* Task description *
In the listing below, the lines starting with the line with "Armin Hatred Hangout GIF" and going on through the line with "指原とこじるりって口もきかないほど仲が悪いらしいけど Akbフレンド" are to be reproduced exactly, and only those.

■ ■ ■ ■ ■ ■ ■

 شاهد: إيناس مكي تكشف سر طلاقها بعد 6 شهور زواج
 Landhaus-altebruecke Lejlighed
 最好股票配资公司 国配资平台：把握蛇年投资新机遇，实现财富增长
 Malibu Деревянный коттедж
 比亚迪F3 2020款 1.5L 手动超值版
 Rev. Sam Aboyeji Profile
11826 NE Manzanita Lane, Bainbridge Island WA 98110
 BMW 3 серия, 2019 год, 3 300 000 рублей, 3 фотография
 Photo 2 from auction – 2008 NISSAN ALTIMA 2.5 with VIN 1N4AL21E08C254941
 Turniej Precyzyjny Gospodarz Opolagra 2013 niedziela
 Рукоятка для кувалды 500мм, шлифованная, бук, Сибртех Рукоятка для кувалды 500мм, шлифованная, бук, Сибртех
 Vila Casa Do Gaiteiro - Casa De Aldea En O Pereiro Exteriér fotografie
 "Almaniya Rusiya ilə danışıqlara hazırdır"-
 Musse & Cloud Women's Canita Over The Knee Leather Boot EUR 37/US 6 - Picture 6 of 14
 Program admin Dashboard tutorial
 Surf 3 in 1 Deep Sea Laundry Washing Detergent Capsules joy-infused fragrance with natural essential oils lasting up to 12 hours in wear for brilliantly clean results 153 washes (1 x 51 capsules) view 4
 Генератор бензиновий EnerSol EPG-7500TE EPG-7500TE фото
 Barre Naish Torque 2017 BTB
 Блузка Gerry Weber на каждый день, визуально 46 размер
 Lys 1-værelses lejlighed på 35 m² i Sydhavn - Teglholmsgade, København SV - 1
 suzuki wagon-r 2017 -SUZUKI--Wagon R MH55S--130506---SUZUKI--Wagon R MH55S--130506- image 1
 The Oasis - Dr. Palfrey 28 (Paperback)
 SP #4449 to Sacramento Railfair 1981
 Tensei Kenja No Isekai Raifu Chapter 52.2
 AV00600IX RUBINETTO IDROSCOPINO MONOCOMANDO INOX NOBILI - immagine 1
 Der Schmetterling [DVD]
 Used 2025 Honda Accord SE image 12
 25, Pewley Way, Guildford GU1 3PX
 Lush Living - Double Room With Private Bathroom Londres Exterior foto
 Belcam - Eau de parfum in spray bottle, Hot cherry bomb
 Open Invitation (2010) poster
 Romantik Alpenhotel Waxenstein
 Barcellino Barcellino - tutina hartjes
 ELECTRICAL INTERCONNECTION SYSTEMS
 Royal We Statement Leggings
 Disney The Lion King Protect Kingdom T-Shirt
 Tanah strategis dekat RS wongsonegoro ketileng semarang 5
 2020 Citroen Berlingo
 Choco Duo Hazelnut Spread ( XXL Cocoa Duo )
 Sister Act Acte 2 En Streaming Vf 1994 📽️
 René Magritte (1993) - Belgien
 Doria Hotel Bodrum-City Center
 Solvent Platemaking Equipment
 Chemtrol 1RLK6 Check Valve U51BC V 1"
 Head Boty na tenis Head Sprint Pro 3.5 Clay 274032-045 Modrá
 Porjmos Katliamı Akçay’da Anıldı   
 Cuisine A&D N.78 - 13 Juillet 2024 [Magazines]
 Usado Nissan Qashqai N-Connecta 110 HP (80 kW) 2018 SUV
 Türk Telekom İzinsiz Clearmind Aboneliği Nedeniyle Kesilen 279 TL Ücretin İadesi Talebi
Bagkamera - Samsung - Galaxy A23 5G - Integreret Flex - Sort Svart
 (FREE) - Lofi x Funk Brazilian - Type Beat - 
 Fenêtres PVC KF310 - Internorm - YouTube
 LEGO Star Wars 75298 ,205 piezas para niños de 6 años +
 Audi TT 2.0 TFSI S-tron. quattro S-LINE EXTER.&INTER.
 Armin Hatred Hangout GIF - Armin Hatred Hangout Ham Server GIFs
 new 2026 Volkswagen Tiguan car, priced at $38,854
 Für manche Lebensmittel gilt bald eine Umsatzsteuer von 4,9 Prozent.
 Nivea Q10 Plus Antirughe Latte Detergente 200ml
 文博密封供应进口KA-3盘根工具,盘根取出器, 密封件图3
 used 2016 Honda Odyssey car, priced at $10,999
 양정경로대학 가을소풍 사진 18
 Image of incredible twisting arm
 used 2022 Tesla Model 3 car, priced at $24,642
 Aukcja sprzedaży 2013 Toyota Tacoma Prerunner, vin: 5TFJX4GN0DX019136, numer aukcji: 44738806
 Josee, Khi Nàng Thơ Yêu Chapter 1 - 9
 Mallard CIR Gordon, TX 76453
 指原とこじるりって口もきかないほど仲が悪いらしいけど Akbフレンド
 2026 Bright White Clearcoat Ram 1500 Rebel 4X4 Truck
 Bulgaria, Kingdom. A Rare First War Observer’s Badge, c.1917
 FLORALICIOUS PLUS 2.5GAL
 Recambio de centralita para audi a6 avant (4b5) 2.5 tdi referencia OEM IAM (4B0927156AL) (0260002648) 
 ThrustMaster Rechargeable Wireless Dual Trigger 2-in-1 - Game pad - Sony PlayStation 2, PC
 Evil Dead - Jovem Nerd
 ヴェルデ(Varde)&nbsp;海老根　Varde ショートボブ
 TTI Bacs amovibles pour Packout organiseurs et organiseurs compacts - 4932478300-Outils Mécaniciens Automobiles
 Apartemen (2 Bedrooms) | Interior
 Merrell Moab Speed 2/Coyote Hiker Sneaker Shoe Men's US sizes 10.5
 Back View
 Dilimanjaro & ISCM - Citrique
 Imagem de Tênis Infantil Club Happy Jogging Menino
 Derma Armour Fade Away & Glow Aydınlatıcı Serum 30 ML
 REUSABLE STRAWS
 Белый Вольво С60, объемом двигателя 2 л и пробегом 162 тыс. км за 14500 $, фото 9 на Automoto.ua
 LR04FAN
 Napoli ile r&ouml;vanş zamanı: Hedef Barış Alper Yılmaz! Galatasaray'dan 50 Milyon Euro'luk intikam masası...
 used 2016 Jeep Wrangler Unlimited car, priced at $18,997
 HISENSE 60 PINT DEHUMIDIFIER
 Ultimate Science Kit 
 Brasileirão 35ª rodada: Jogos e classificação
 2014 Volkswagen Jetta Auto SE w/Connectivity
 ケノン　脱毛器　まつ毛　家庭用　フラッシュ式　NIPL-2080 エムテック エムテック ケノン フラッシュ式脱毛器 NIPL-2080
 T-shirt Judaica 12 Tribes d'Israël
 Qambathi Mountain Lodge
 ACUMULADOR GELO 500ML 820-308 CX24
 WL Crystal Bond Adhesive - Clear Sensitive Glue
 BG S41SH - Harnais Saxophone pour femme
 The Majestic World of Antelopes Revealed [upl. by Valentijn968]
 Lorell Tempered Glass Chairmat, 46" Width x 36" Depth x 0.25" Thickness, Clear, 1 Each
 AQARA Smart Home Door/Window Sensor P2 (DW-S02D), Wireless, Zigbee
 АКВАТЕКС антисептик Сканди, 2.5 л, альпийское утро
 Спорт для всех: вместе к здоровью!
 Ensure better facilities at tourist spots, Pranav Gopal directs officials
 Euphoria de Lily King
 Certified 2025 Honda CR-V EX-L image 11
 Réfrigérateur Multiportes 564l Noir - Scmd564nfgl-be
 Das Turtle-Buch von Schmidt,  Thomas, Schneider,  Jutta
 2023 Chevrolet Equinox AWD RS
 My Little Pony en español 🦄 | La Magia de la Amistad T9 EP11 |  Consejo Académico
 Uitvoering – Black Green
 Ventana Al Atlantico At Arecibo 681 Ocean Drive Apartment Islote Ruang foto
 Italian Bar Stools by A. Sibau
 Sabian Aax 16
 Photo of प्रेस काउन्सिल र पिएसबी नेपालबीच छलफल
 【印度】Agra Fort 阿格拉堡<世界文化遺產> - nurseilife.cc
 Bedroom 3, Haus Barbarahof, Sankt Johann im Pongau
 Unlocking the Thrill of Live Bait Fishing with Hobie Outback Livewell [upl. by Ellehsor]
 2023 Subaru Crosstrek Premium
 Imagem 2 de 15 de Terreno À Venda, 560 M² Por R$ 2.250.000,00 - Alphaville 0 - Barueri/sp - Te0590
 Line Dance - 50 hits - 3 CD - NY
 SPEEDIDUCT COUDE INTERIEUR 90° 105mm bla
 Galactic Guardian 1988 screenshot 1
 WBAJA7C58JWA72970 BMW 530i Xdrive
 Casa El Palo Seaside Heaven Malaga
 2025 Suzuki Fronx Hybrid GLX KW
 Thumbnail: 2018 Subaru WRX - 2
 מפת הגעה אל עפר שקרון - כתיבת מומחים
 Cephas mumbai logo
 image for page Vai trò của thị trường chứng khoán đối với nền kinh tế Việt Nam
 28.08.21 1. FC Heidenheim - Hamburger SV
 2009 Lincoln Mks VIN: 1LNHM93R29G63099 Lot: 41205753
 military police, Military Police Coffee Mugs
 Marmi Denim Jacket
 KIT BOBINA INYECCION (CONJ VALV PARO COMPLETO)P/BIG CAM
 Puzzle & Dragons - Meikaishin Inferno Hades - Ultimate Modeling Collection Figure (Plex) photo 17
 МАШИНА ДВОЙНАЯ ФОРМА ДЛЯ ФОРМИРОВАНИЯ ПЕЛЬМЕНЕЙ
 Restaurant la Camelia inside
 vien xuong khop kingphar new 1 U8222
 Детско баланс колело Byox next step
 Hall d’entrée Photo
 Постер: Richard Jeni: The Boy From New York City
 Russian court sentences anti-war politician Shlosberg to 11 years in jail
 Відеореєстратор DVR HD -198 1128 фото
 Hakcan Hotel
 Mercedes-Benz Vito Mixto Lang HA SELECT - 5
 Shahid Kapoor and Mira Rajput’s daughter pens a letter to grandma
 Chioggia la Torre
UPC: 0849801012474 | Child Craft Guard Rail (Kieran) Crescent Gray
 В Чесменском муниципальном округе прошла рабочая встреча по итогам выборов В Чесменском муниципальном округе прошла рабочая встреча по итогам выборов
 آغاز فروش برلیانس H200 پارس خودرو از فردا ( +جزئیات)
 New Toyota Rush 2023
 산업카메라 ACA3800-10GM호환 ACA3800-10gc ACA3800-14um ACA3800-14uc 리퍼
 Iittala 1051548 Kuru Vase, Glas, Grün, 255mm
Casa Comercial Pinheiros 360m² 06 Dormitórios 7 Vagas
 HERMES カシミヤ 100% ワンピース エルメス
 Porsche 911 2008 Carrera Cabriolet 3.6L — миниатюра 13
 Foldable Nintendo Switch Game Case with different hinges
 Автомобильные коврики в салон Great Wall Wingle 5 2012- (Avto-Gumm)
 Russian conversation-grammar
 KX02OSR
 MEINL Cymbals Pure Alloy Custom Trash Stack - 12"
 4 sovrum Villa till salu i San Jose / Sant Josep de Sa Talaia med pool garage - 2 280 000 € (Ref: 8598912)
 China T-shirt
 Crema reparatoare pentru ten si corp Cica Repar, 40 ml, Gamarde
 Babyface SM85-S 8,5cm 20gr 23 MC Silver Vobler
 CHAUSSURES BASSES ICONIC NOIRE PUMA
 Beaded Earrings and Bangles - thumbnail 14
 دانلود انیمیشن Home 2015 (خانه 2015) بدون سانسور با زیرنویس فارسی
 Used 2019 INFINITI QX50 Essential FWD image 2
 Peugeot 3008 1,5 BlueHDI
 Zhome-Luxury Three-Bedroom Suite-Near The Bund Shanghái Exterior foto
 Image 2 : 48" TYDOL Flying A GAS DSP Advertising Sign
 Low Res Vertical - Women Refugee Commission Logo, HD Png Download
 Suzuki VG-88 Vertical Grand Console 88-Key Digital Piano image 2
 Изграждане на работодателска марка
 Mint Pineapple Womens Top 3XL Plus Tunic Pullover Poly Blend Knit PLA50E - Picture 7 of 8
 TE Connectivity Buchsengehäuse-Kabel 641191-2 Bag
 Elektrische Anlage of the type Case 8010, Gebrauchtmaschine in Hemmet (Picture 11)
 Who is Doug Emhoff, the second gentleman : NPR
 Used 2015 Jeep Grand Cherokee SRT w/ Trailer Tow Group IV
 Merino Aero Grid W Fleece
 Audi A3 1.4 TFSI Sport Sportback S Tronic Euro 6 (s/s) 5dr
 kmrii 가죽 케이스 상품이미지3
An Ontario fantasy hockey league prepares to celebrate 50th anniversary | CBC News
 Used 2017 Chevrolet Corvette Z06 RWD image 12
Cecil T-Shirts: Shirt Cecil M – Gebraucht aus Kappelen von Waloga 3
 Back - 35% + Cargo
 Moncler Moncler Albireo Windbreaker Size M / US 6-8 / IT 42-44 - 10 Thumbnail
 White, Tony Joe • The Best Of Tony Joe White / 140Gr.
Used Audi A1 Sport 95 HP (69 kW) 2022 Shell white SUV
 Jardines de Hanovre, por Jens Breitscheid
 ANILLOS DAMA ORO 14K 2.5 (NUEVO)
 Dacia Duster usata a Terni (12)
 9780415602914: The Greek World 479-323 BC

■ ■ ■ ■ ■ ■ ■

* Task response *
 Armin Hatred Hangout GIF - Armin Hatred Hangout Ham Server GIFs
 new 2026 Volkswagen Tiguan car, priced at $38,854
 Für manche Lebensmittel gilt bald eine Umsatzsteuer von 4,9 Prozent.
 Nivea Q10 Plus Antirughe Latte Detergente 200ml
 文博密封供应进口KA-3盘根工具,盘根取出器, 密封件图3
 used 2016 Honda Odyssey car, priced at $10,999
 양정경로대학 가을소풍 사진 18
 Image of incredible twisting arm
 used 2022 Tesla Model 3 car, priced at $24,642
 Aukcja sprzedaży 2013 Toyota Tacoma Prerunner, vin: 5TFJX4GN0DX019136, numer aukcji: 44738806
 Josee, Khi Nàng Thơ Yêu Chapter 1 - 9
 Mallard CIR Gordon, TX 76453
 指原とこじるりって口もきかないほど仲が悪いらしいけど Akbフレンド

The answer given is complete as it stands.